Другое дело, насколько далеко мог зайти сам этот властный запрос? Насколько ученые могли ответить на него и соответствовать ему в плане его реализации? В каком отношении к нему находились декларации взаимодействия специализированных наук в ГАХН? Насколько вообще оправдались синтетические манифесты гахновцев и какое из отделений академии ближе всего подошло к выработке жизнеспособного, хотя бы в потенции, варианта пресловутого «синтеза», который при этом мог, скорее, разочаровать тогдашних политтехнологов?
Чтобы почувствовать, какой разрыв был между реальной деятельностью членов ГАХН в различных секциях и оптимистичными призывами к синтезу со стороны руководства, достаточно вспомнить, что в разные годы в академии работали такие противоположные по своим позициям люди, как К. Малевич, К. Юон или М. Гинзбург, практики ИНХУКа и теоретики ЛЕФа, такой традиционный психолог, как Г. Челпанов, и такой авангардист, как Л. Выготский, одиозный профессор И. Ермаков и позитивный профессор П. Карпов, апокалиптичный Н. Бердяев и зловещая Л. Аксельрод.
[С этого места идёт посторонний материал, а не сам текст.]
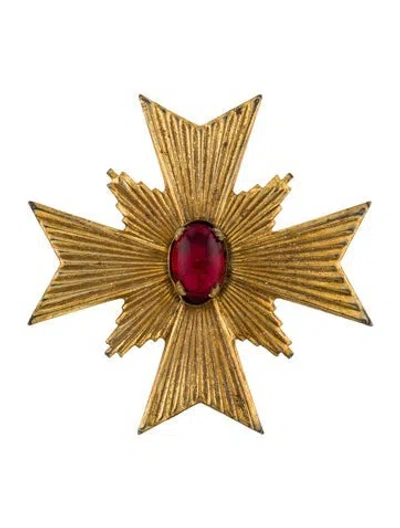 Pre-owned Miriam Haskell Vintage Resin Cross Brooch Pin In Red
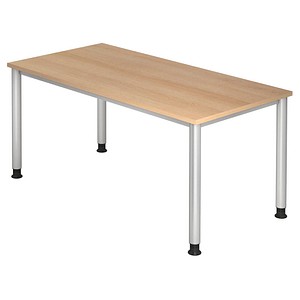 HAMMERBACHER Orbis höhenverstellbarer Schreibtisch eiche rechteckig, 4-Fuß-Gestell silber 160,0 x 80,0 cm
Ничем не преодолимую пропасть демонстрируют сами названия докладов, прочитанных в различных отделениях и секциях ГАХН – от «Разбора речи А.И. Рыкова о новой оппозиции» (В.Н. Иваницкая-Мурузи) и «Художественного творчества при прогрессивном параличе» (С. Карпов) до «К поэтике “Западно-восточного дивана” Гете» (А. Габричевский) и «Трактовки волос в римской скульптуре» (М. Кабылина).